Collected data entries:
== Segment start ==

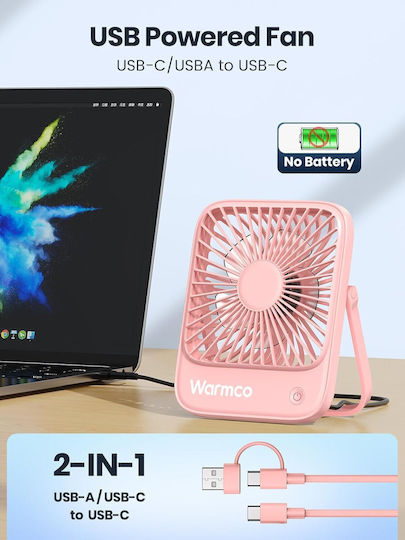 Set 2 Usb-c Desk Fans Quiet Operation 3 Speeds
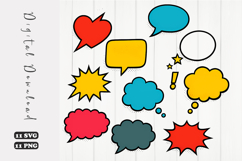 Comic Speech Bubble SVG Pop Art Clipart PNG Product Image 1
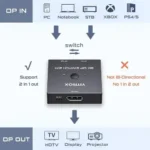 8k Dp Switch 2 In 1 Out, Displayport 2.0/1.4 Switche Support 8k@60hz- 5k@240hz - Image 2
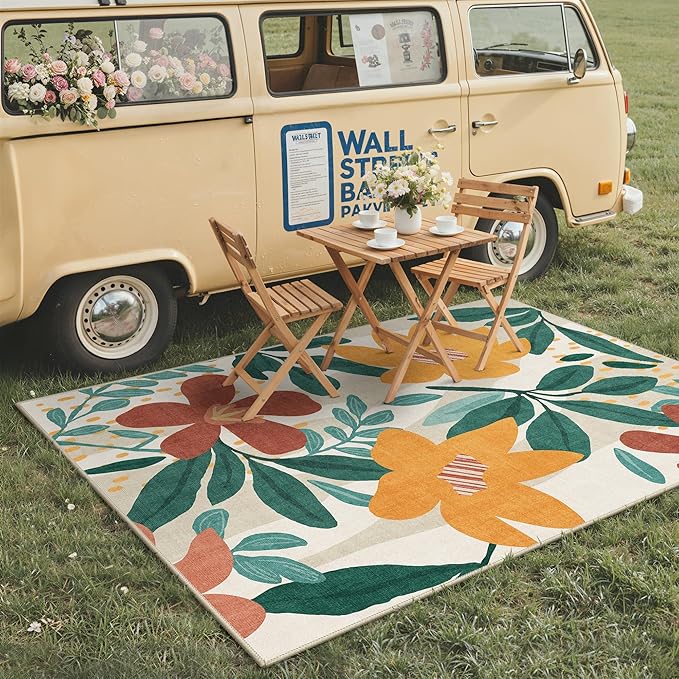 GENIMO Indoor Outdoor Area Rug 8'x10', Machine Washable Rugs for Patio, Waterproof, Non-Slip Easy Cleaning Floral Outdoor Mat Carpet for Living Room, Bedroom, RV, Balcony, Deck, Camping,Sage Orange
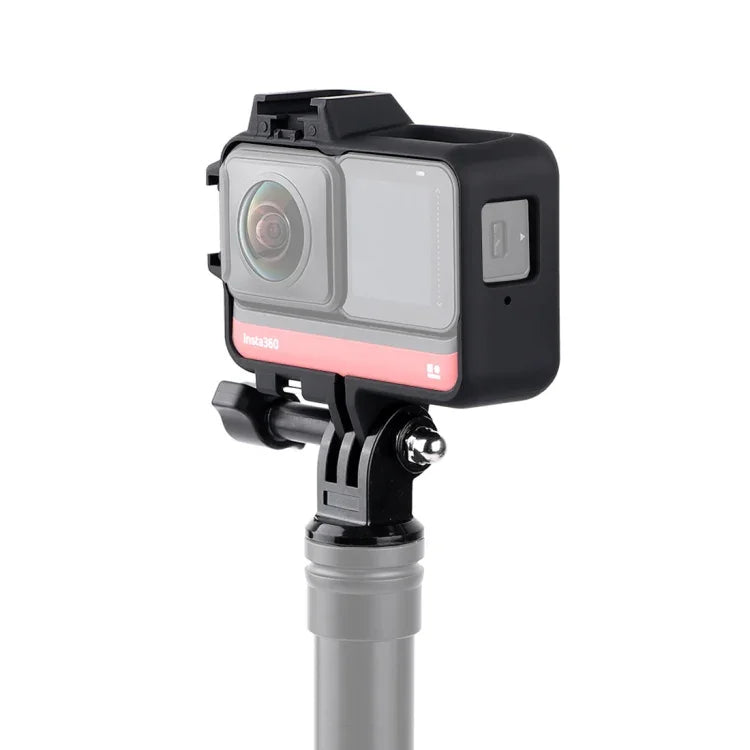 Boîtier de protection en plastique avec support pour Insta360 One R, adaptateur pour trépied, vis longue et griffe porte-accessoires.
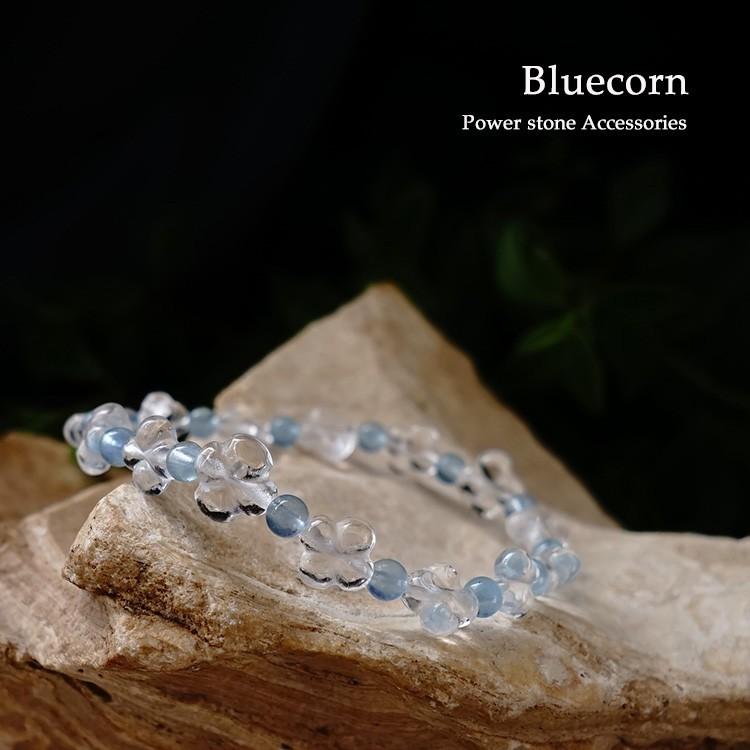 天然石 ブレスレット クローバー 水晶 アクアマリン 四つ葉 幸運 開運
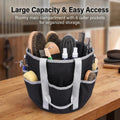 Horse Grooming Tote Bag with 6 Pockets & Drawstring Closure, Portable Grooming Bag for Horses, Waterproof Tack Bag with 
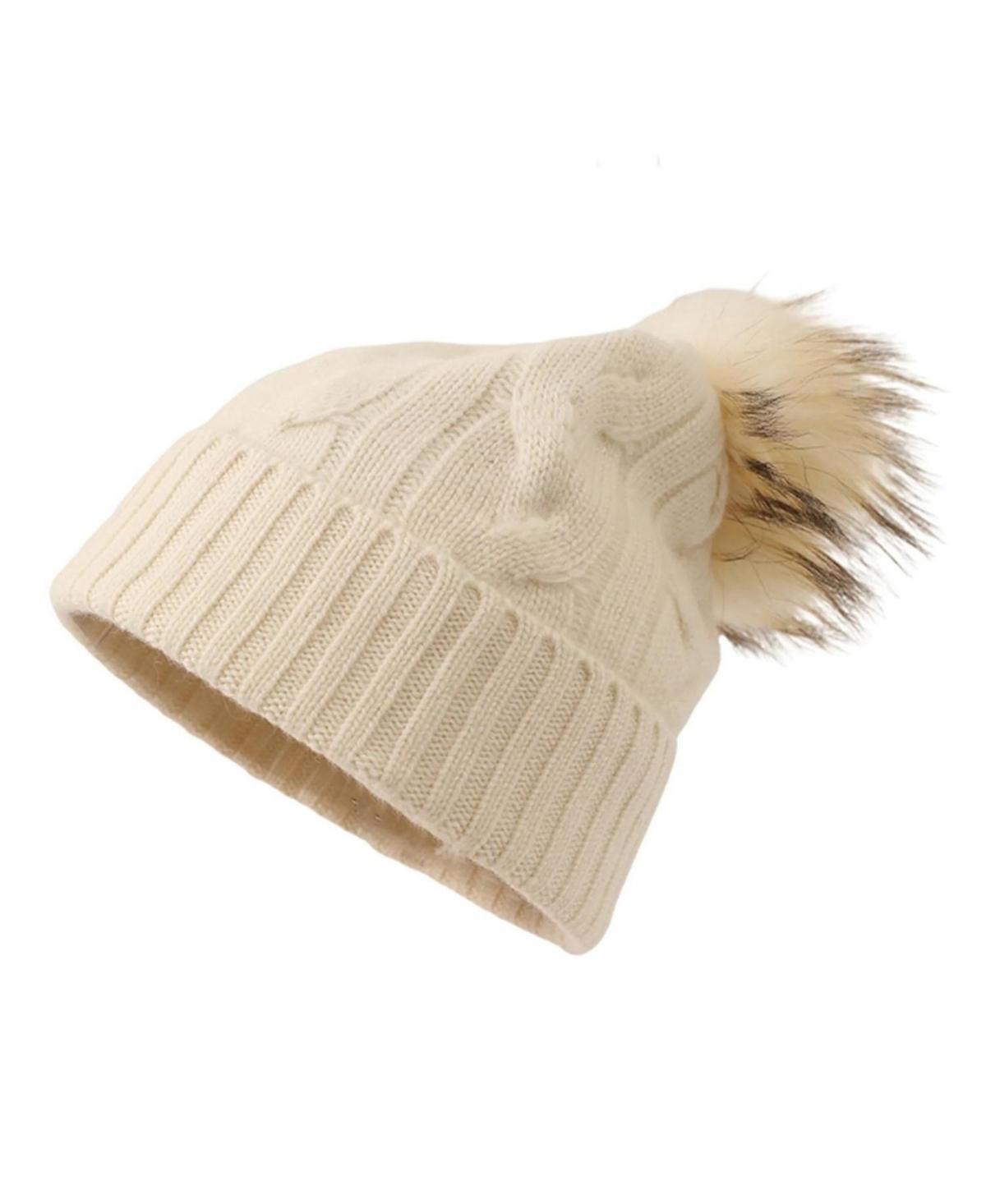 Bellemere Womens Soft Cable-Knit Cashmere Hat product image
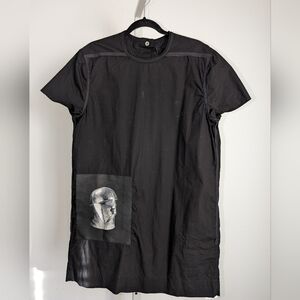 DRKSHDW Rick Owens Cotton Mini Dress with Pocket, Black, Size 10/L/46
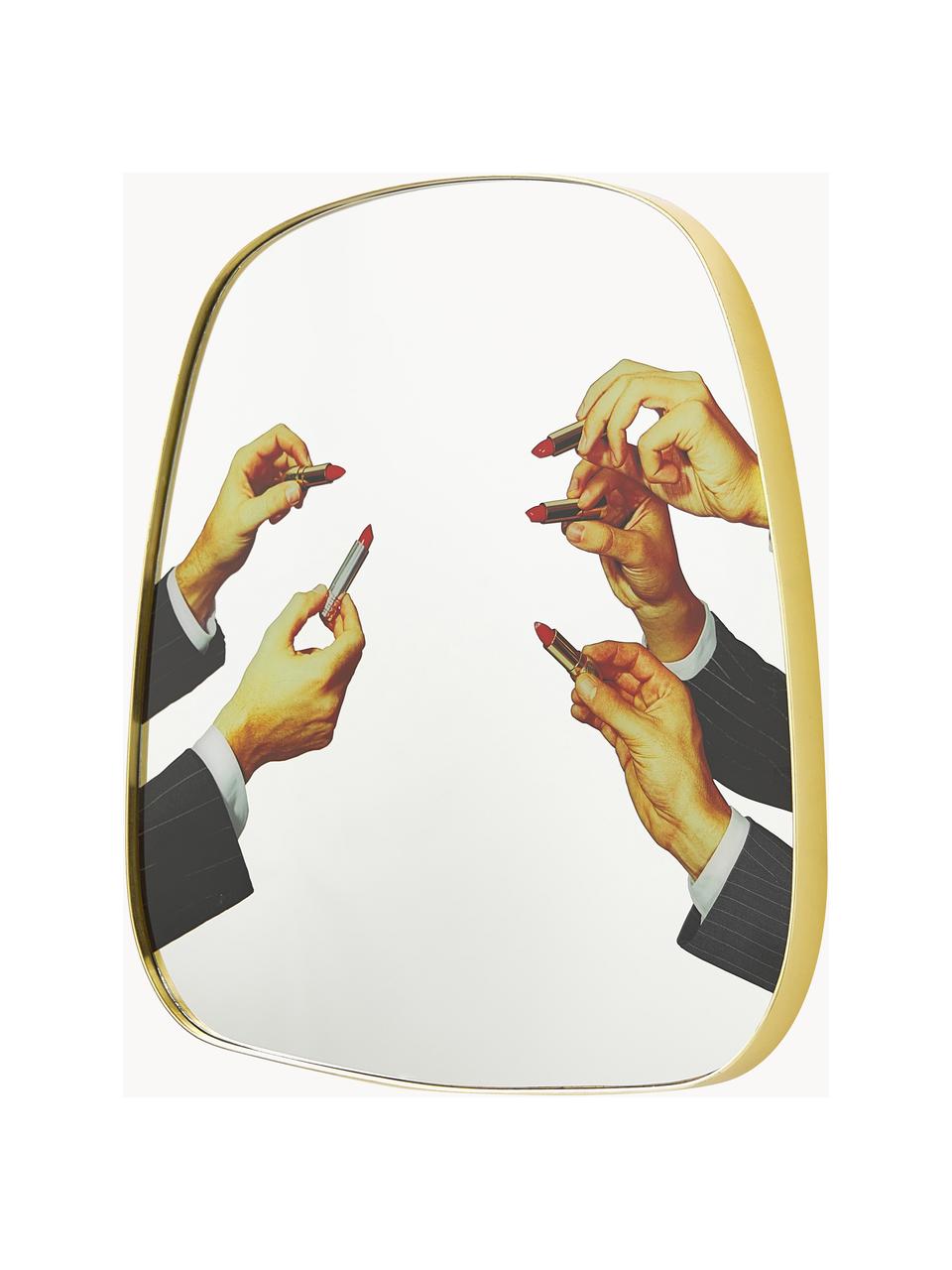 Designer Wandspiegel Lipsticks, Spiegelfläche: Spiegelglas, Rahmen: Mitteldichte Holzfaserpla, Mehrfarbig, B 54 x H 59 cm
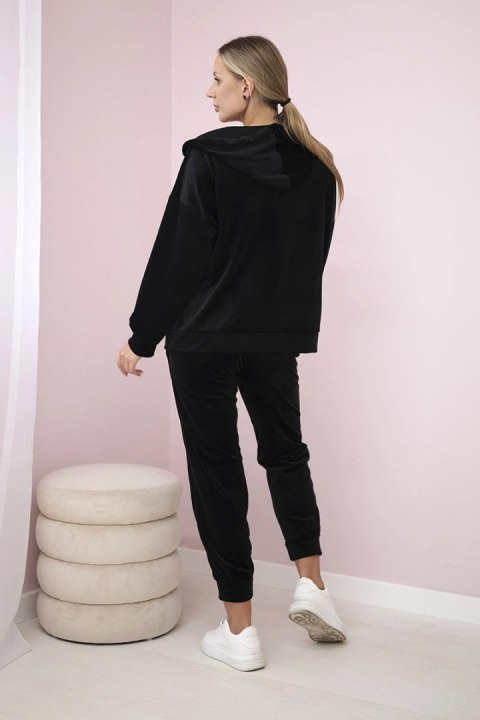Komplet welurowy bluza z kapturem + spodnie czarny Komplet welurowy bluza z kapturem + spodnie czarny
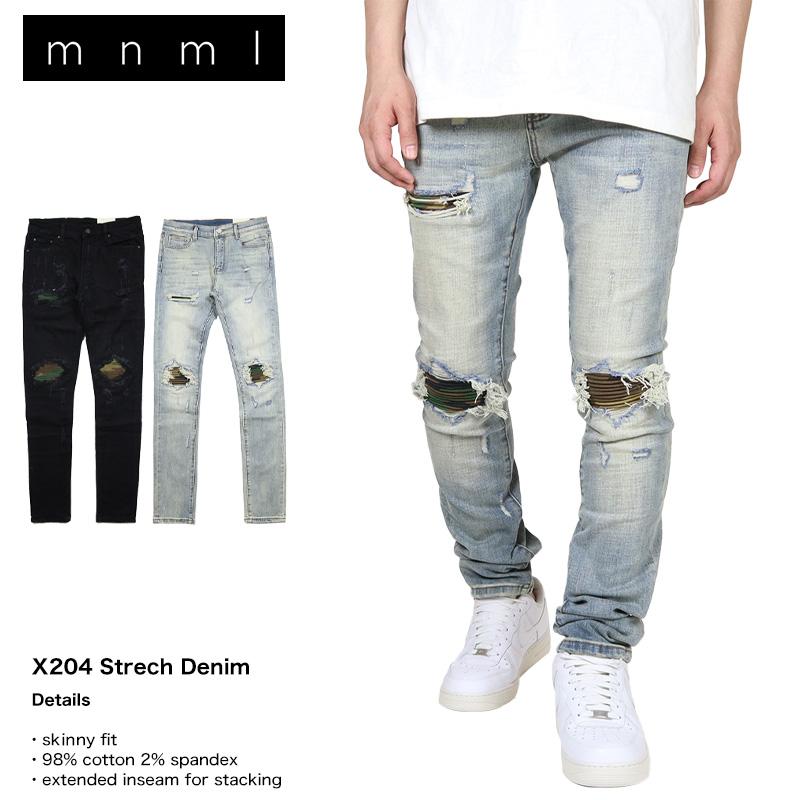 mnml（ミニマル） 爆買 デニムパンツ スキニー ジーンズ クラッシュ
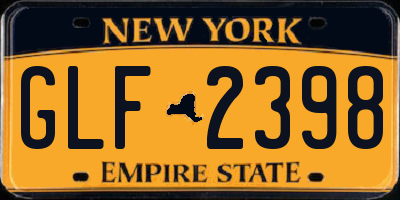 NY license plate GLF2398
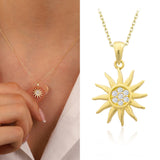 14K Gold | Pave Sun Pendant Necklace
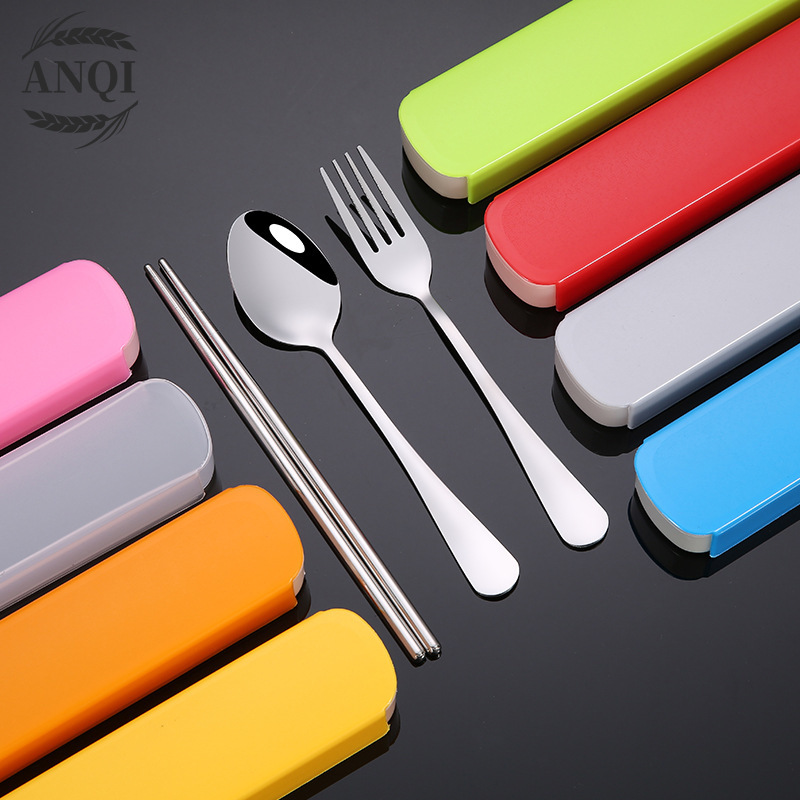 ANQI 1888  3Pcs Set Alat Makan Sendok Garpu Sumpit /Stainless Steel Spoon Fork Chopsticks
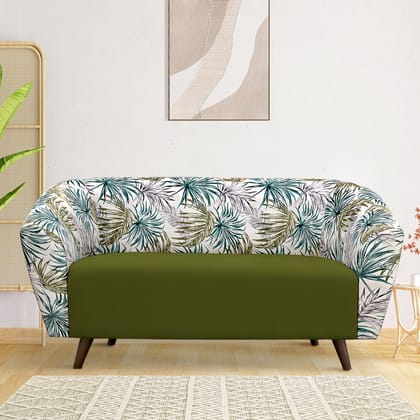 Meadow Kale Green Palm Loveseat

== Segment end ==

Your instructions:
From the first line to the last, copy the records above exactly and drop any pictures.

Expected answer:
 Set 2 Usb-c Desk Fans Quiet Operation 3 Speeds
 Comic Speech Bubble SVG Pop Art Clipart PNG Product Image 1
 8k Dp Switch 2 In 1 Out, Displayport 2.0/1.4 Switche Support 8k@60hz- 5k@240hz - Image 2
 GENIMO Indoor Outdoor Area Rug 8'x10', Machine Washable Rugs for Patio, Waterproof, Non-Slip Easy Cleaning Floral Outdoor Mat Carpet for Living Room, Bedroom, RV, Balcony, Deck, Camping,Sage Orange
 Boîtier de protection en plastique avec support pour Insta360 One R, adaptateur pour trépied, vis longue et griffe porte-accessoires.
 天然石 ブレスレット クローバー 水晶 アクアマリン 四つ葉 幸運 開運
 Horse Grooming Tote Bag with 6 Pockets & Drawstring Closure, Portable Grooming Bag for Horses, Waterproof Tack Bag with 
 Bellemere Womens Soft Cable-Knit Cashmere Hat product image
 DRKSHDW Rick Owens Cotton Mini Dress with Pocket, Black, Size 10/L/46
 Designer Wandspiegel Lipsticks, Spiegelfläche: Spiegelglas, Rahmen: Mitteldichte Holzfaserpla, Mehrfarbig, B 54 x H 59 cm
Komplet welurowy bluza z kapturem + spodnie czarny Komplet welurowy bluza z kapturem + spodnie czarny
 mnml（ミニマル） 爆買 デニムパンツ スキニー ジーンズ クラッシュ
 NY license plate GLF2398
 14K Gold | Pave Sun Pendant Necklace
 ANQI 1888  3Pcs Set Alat Makan Sendok Garpu Sumpit /Stainless Steel Spoon Fork Chopsticks
 Meadow Kale Green Palm Loveseat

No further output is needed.